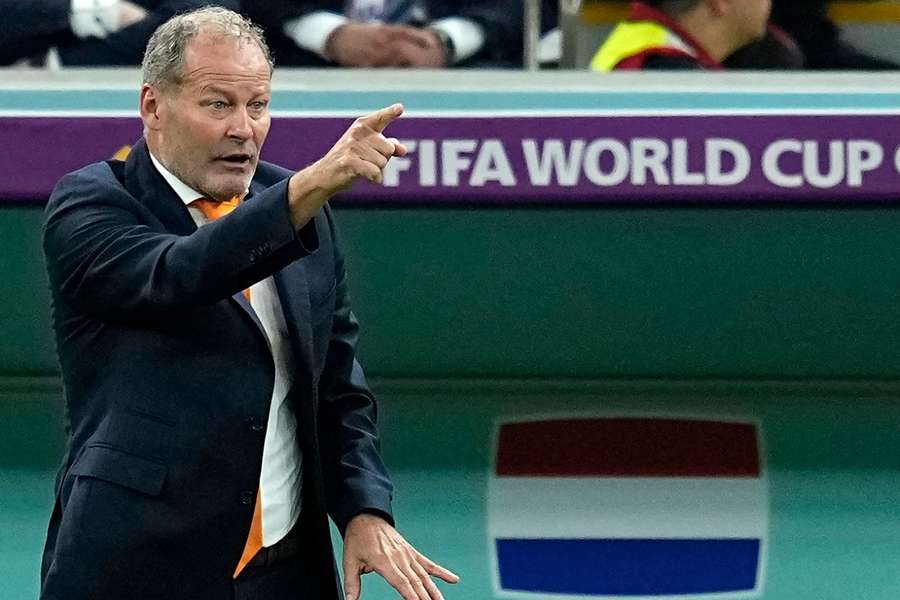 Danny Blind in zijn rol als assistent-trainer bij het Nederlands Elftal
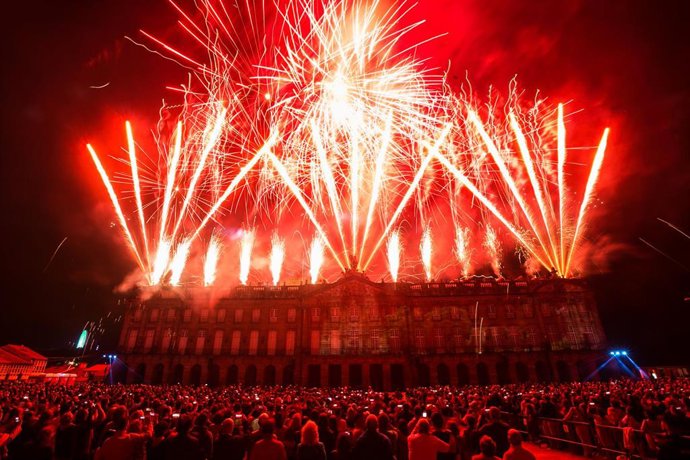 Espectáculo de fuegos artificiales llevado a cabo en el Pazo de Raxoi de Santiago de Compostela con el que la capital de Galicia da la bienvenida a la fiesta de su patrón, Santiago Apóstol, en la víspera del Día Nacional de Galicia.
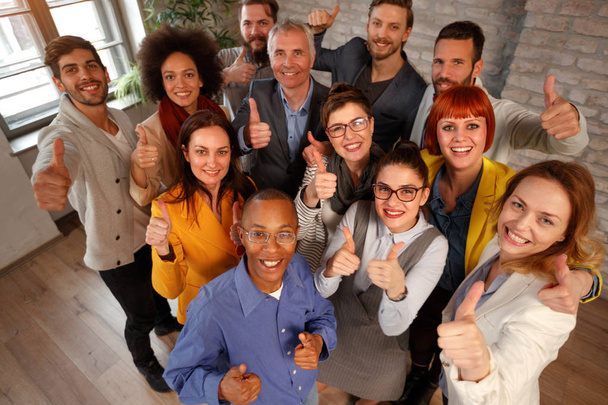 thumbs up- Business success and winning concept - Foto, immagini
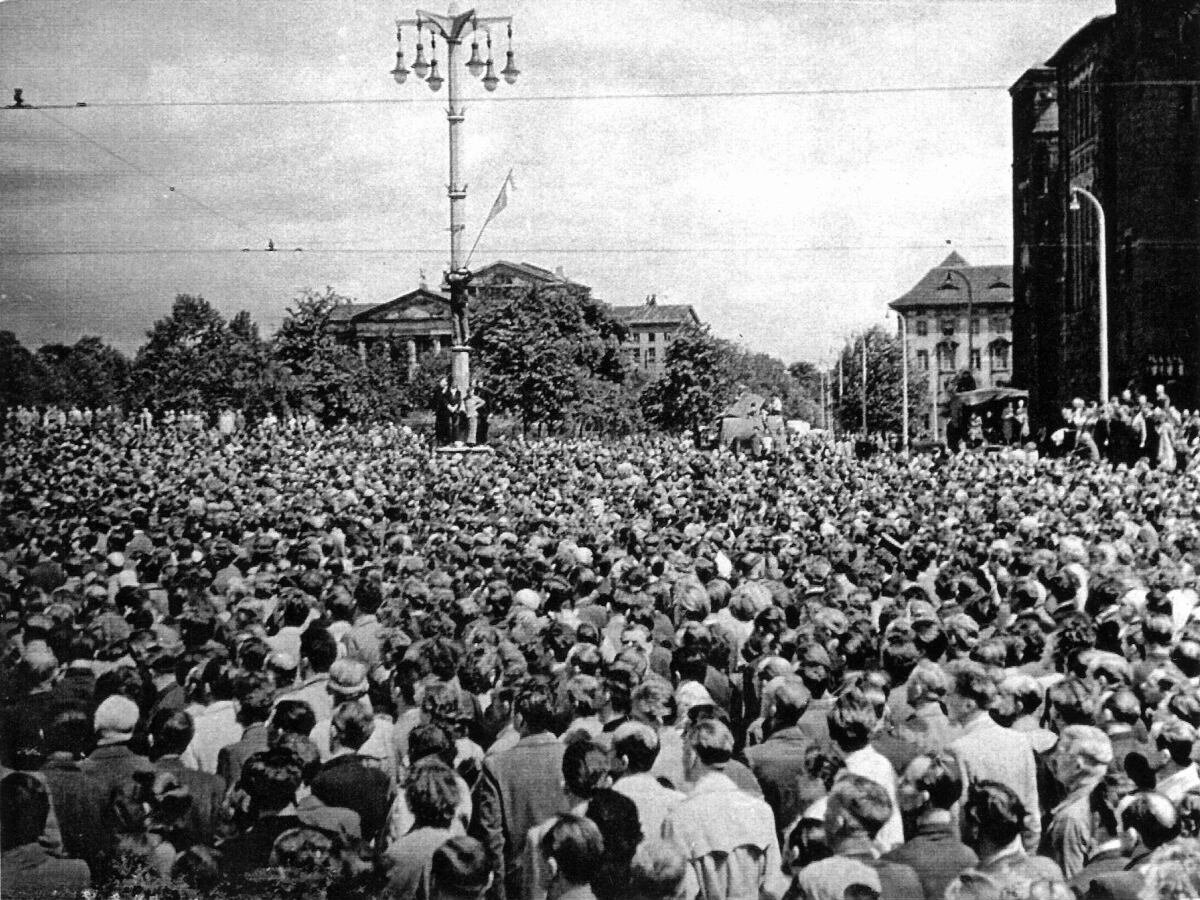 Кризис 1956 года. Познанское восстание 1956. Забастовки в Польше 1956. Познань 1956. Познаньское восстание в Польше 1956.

# # # #

About this task: Give the data again exactly, without pictures.

Result:
 Danny Blind in zijn rol als assistent-trainer bij het Nederlands Elftal
 Espectáculo de fuegos artificiales llevado a cabo en el Pazo de Raxoi de Santiago de Compostela con el que la capital de Galicia da la bienvenida a la fiesta de su patrón, Santiago Apóstol, en la víspera del Día Nacional de Galicia.
 thumbs up- Business success and winning concept - Foto, immagini
 Кризис 1956 года. Познанское восстание 1956. Забастовки в Польше 1956. Познань 1956. Познаньское восстание в Польше 1956.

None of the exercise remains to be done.